[The data Boundary: Start]
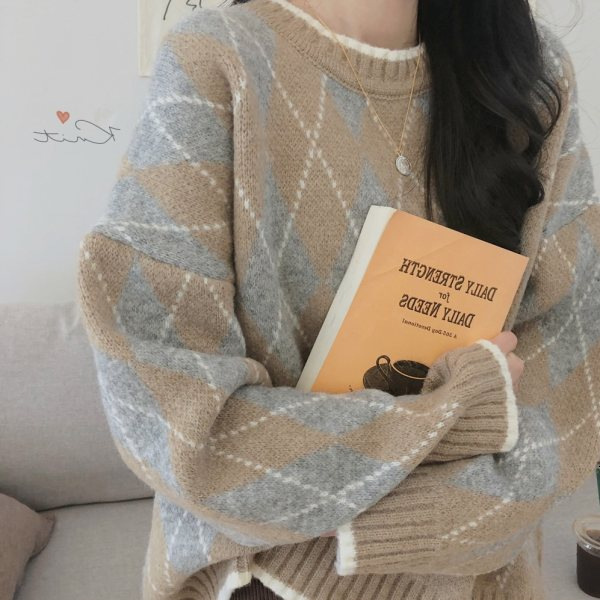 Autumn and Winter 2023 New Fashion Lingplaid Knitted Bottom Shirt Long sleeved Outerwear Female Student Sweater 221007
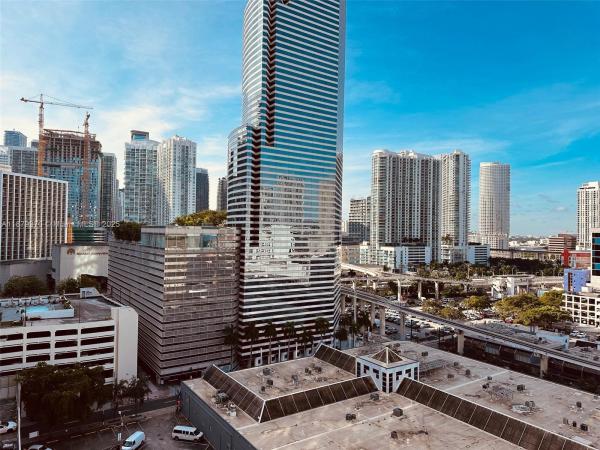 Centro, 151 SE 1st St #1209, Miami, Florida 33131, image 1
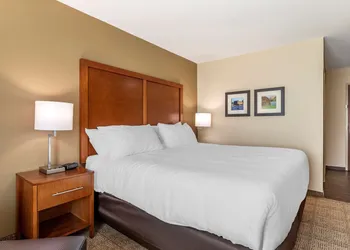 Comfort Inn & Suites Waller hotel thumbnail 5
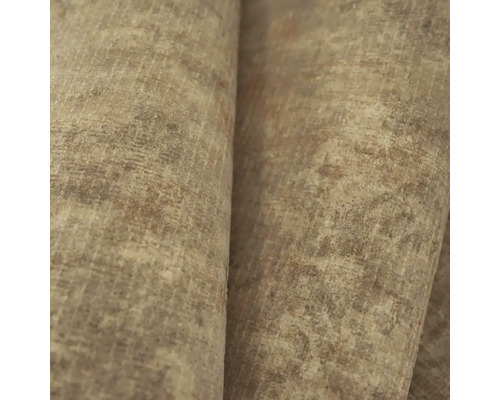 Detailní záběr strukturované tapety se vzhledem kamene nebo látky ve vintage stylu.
[The data Boundary: End]
### Goal of the exercise:
All that is needed is the data above, repeated exactly, without the pictures.

### Response:
 Autumn and Winter 2023 New Fashion Lingplaid Knitted Bottom Shirt Long sleeved Outerwear Female Student Sweater 221007
 Centro, 151 SE 1st St #1209, Miami, Florida 33131, image 1
 Comfort Inn & Suites Waller hotel thumbnail 5
 Detailní záběr strukturované tapety se vzhledem kamene nebo látky ve vintage stylu.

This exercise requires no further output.